TASK BRIEF → The full set of entries is to be printed exactly, with pictures excluded.

Start of DATA FOR PROCESSING

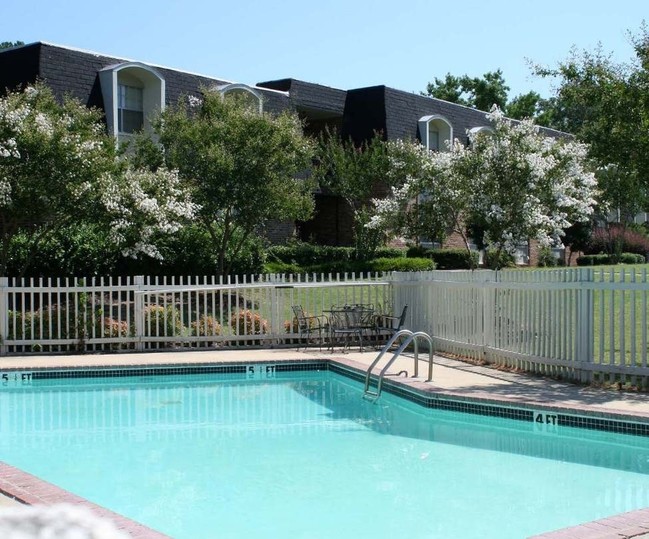 Piscina - Riverhills Apartments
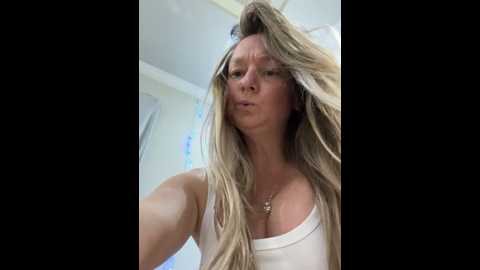 vivian_mayxxx
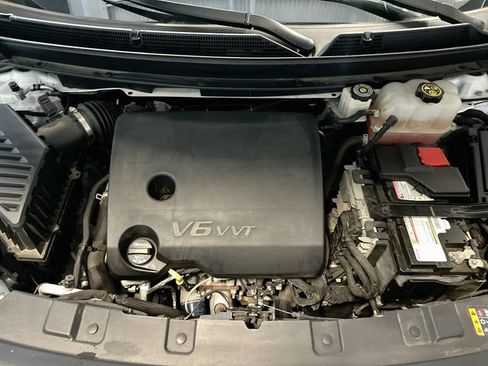 Used 2019 Buick Enclave Essence AWD/4WD image 34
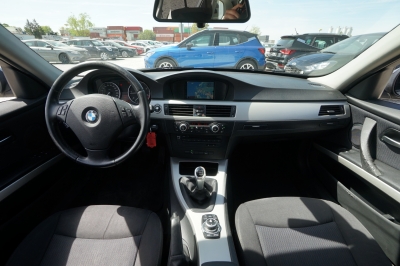 BMW 320d Touring |Tempomat| |Start/Stopp| |Navi|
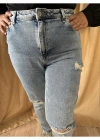 Mavi Kar Yıkama Mom Fit Yırtık Detaylı Jean Pantolon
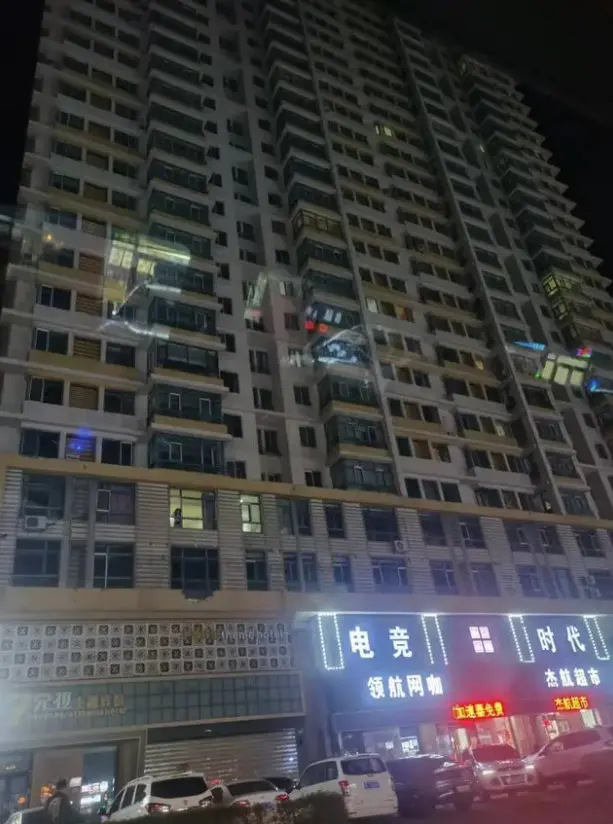 5月7日晚，事发小区大多居民已被疏散至附近酒店，但仍有家庭留在楼内。图/九派新闻 王怡然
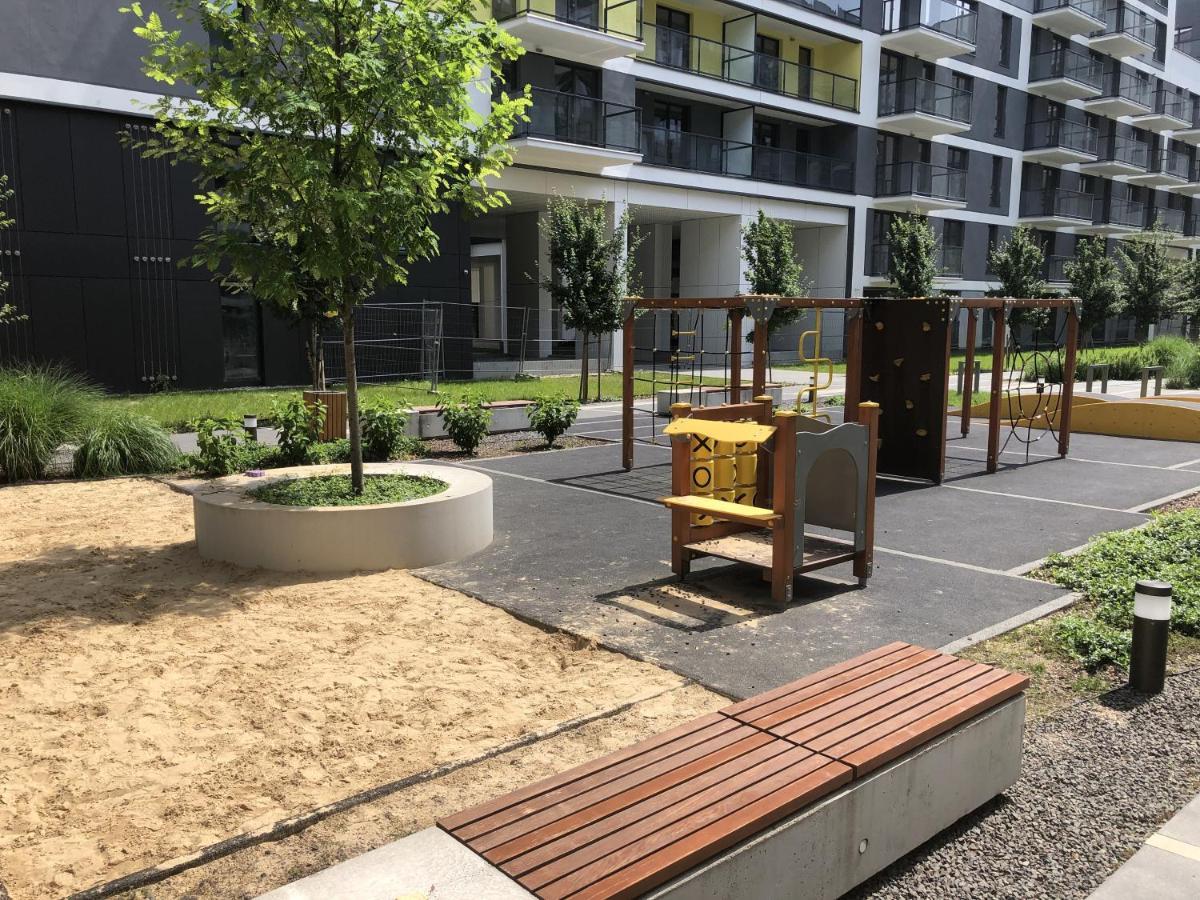 Apartment Prymasa Tysiaclecia 83a By Aparthouse Warschau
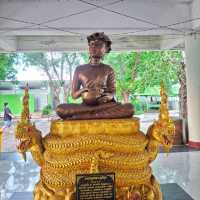 สักการะพระนาคปรกขนาดใหญ่ที่วัดแดงธรรรมชาติ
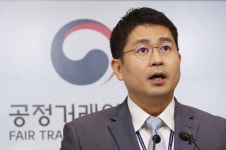 압구정 ‘투명치과’ 피해자 남은 신용카드 할부금 안 내도 된다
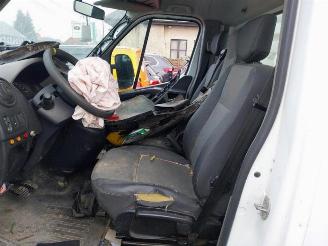 Renault Master Master IV (EV/HV/UV/VA/VB/VD/VF/VG/VJ), Chassis-Cabine, 2010 2.3 dCi 170 16V picture 11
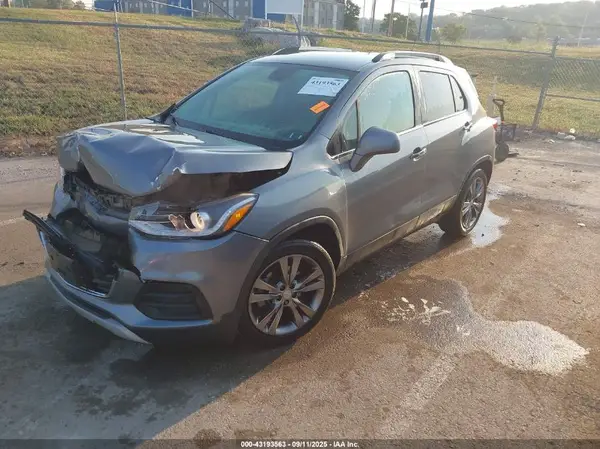 3GNCJLSB0LL256969 2020 CHEVROLET TRAX - Image 2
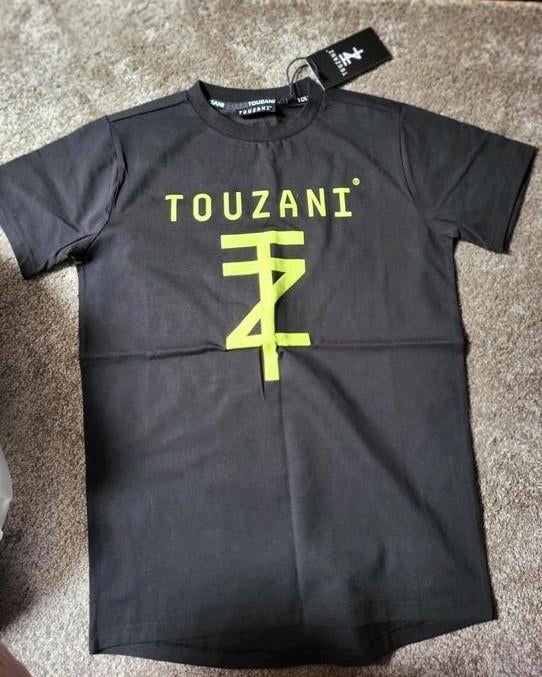 TOUZANI T-shirt Zwart geel Maat 158/164 unisex 💫, Jongen of Meisje, Nieuw, Ophalen of Verzenden, Shirt of Longsleeve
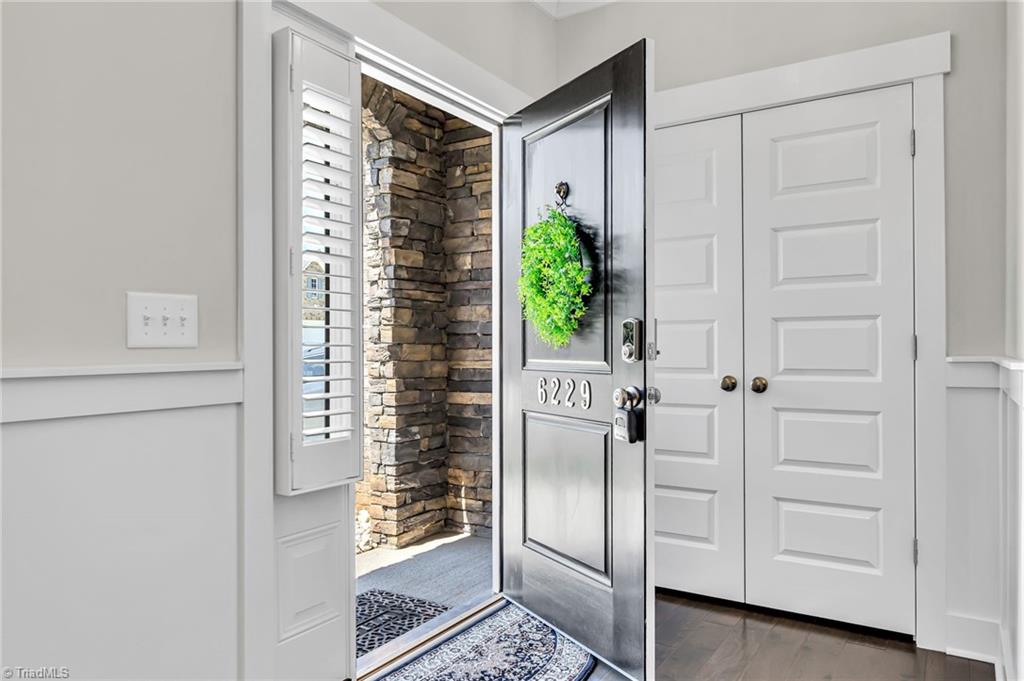 6229 Kershaw Mdws Road Pfafftown, NC 27040 - Photo 3 of 43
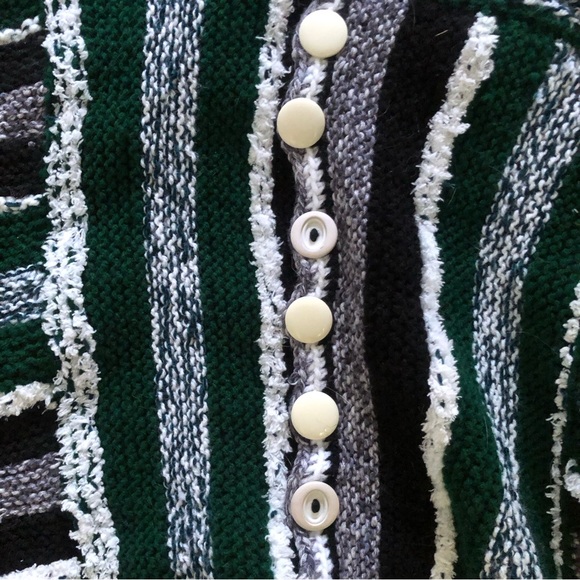 Beautiful hand knitted dog sweater with lovely fringe and cowl type neck line - Picture 3 of 9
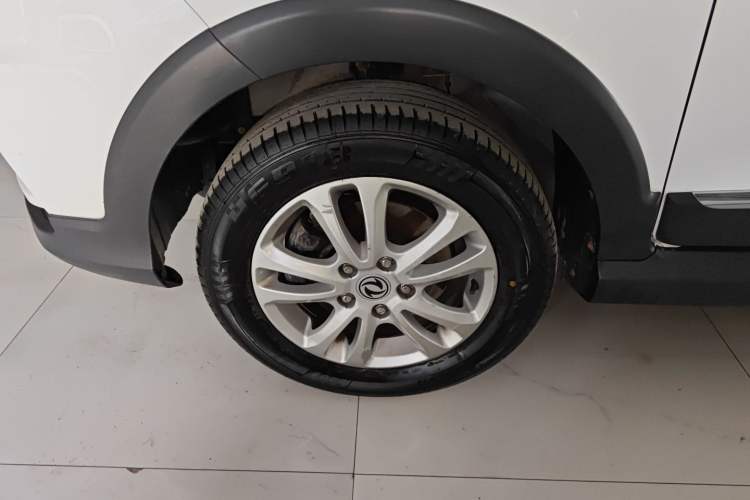 Used Dongfeng Fengon 370 2016 1.5L Manual Elite Home Edition 7-Seater Exterior 2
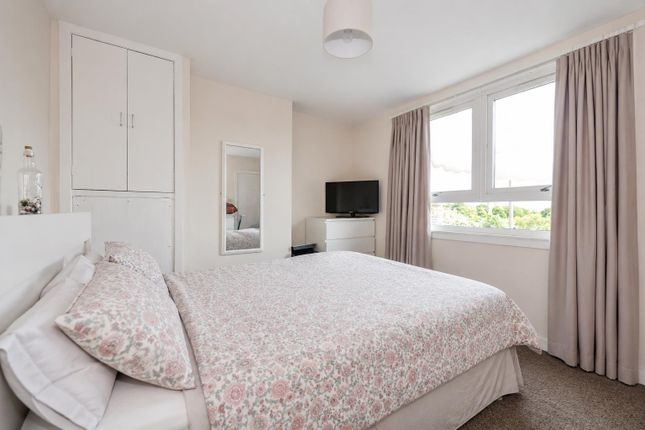 Findlay Gardens, Edinburgh, EH7, Edinburgh photo 3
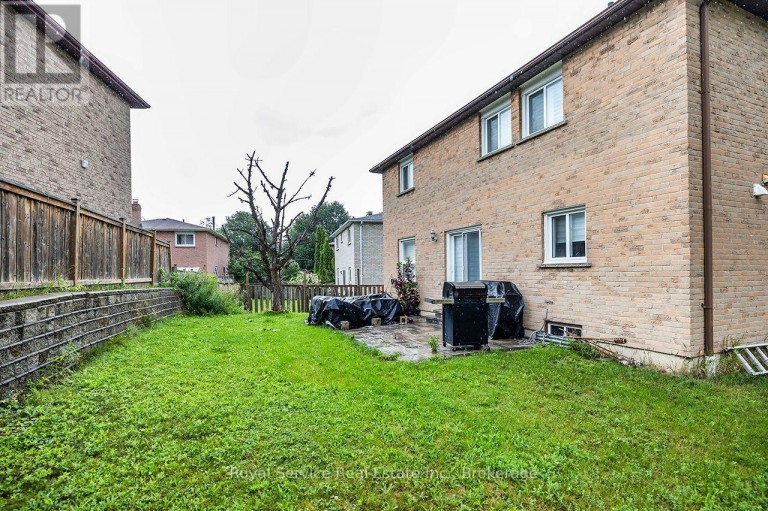 61 ADAMS DRIVE, Ajax (Central), Ontario, L1S5V2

End of DATA FOR PROCESSING

EXERCISE ANSWER →
 Piscina - Riverhills Apartments
 vivian_mayxxx
 Used 2019 Buick Enclave Essence AWD/4WD image 34
 BMW 320d Touring |Tempomat| |Start/Stopp| |Navi|
 Mavi Kar Yıkama Mom Fit Yırtık Detaylı Jean Pantolon
 5月7日晚，事发小区大多居民已被疏散至附近酒店，但仍有家庭留在楼内。图/九派新闻 王怡然
 Apartment Prymasa Tysiaclecia 83a By Aparthouse Warschau
 สักการะพระนาคปรกขนาดใหญ่ที่วัดแดงธรรรมชาติ
 압구정 ‘투명치과’ 피해자 남은 신용카드 할부금 안 내도 된다
 Renault Master Master IV (EV/HV/UV/VA/VB/VD/VF/VG/VJ), Chassis-Cabine, 2010 2.3 dCi 170 16V picture 11
 3GNCJLSB0LL256969 2020 CHEVROLET TRAX - Image 2
 TOUZANI T-shirt Zwart geel Maat 158/164 unisex 💫, Jongen of Meisje, Nieuw, Ophalen of Verzenden, Shirt of Longsleeve
 6229 Kershaw Mdws Road Pfafftown, NC 27040 - Photo 3 of 43
 Beautiful hand knitted dog sweater with lovely fringe and cowl type neck line - Picture 3 of 9
 Used Dongfeng Fengon 370 2016 1.5L Manual Elite Home Edition 7-Seater Exterior 2
 Findlay Gardens, Edinburgh, EH7, Edinburgh photo 3
 61 ADAMS DRIVE, Ajax (Central), Ontario, L1S5V2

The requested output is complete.